* **What you need to do**
Output only the entries, exactly as given, without the pictures.

(Beginning of Extracted entries)

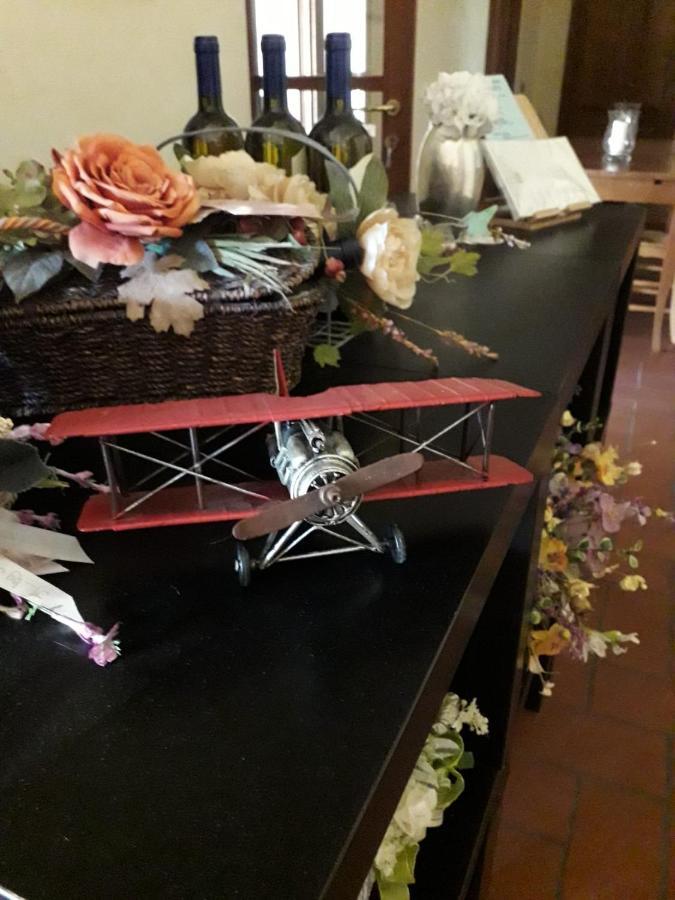 Agriturismo Lupo Cerrino タルクイーニア エクステリア 写真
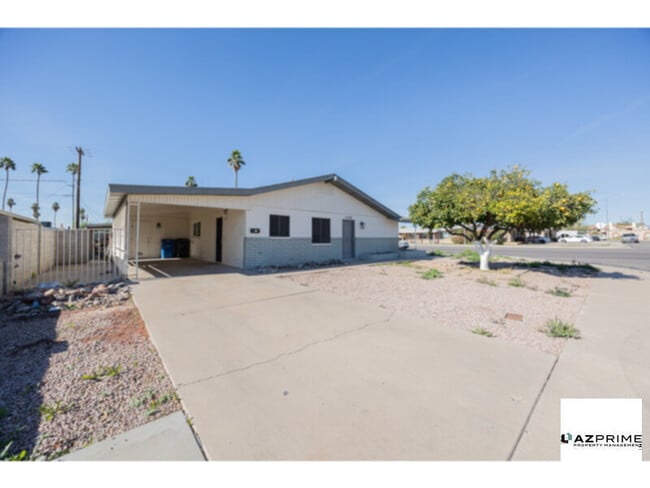Building Photo - Modern 2/2 Mesa Duplex Unit!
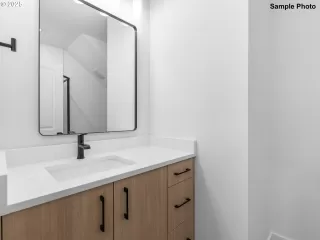 Photo #5: 193957783 Listing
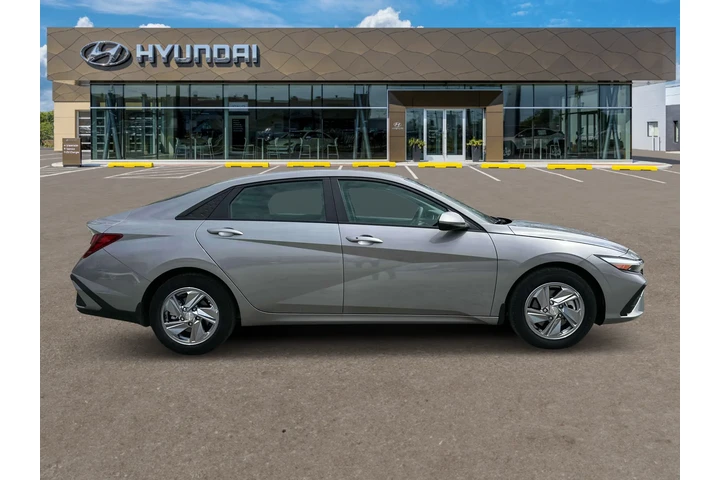 $19730 : Hyundai ELANTRA 2024 SE 4dr image 9
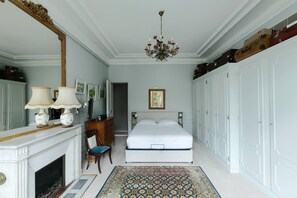 3 chambres, fer et planche à repasser, Wi-Fi gratuit, draps fournis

(End of Extracted entries)

* **Result of this exercise**
 Agriturismo Lupo Cerrino タルクイーニア エクステリア 写真
Building Photo - Modern 2/2 Mesa Duplex Unit!
 Photo #5: 193957783 Listing
 $19730 : Hyundai ELANTRA 2024 SE 4dr image 9
 3 chambres, fer et planche à repasser, Wi-Fi gratuit, draps fournis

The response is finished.